Copyright © 2018 Zhenqing Wang et al. This is an open access article distributed under the Creative Commons Attribution License, which permits unrestricted use, distribution, and reproduction in any medium, provided the original work is properly cited.

Abstract

A hypersonic flow field over a blunt wedge with or without roughness is simulated by a direct numerical simulation method. The effect of isolated and distributed roughnesses on the steady and unsteady hypersonic flow field and boundary layer is analyzed. The shape of roughness is controlled by cubic polynomial. The evolution of disturbance waves caused by slow acoustic wave in the boundary layer is investigated by fast Fourier spectrum analysis. The results show that there is a great influence of roughness on the evolution of disturbance waves in the hypersonic boundary layer.
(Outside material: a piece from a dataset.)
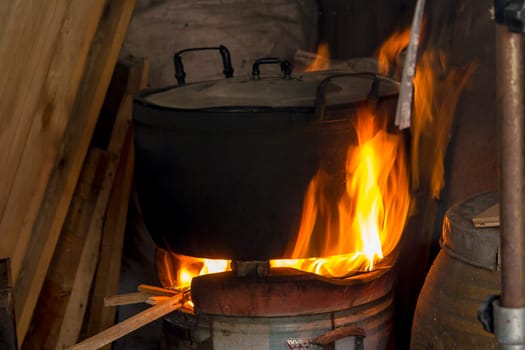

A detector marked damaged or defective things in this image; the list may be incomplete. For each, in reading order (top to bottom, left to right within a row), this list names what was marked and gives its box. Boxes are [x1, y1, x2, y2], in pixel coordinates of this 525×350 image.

The disturbance waves are promoted in the upstream-half region of roughness while suppressed in the downstream-half region of roughness. There is always a mode competition among different modes both in the temporal domain and in the frequency domain in the boundary layer, and mode competition is affected by roughness. The location of the dominant mode which is changed to a second-order harmonic mode from the fundamental mode moves upstream. The vortices caused by roughness also impact the evolution of disturbance waves in the boundary layer. The fundamental mode is suppressed in the vortex region while other harmonic modes are promoted.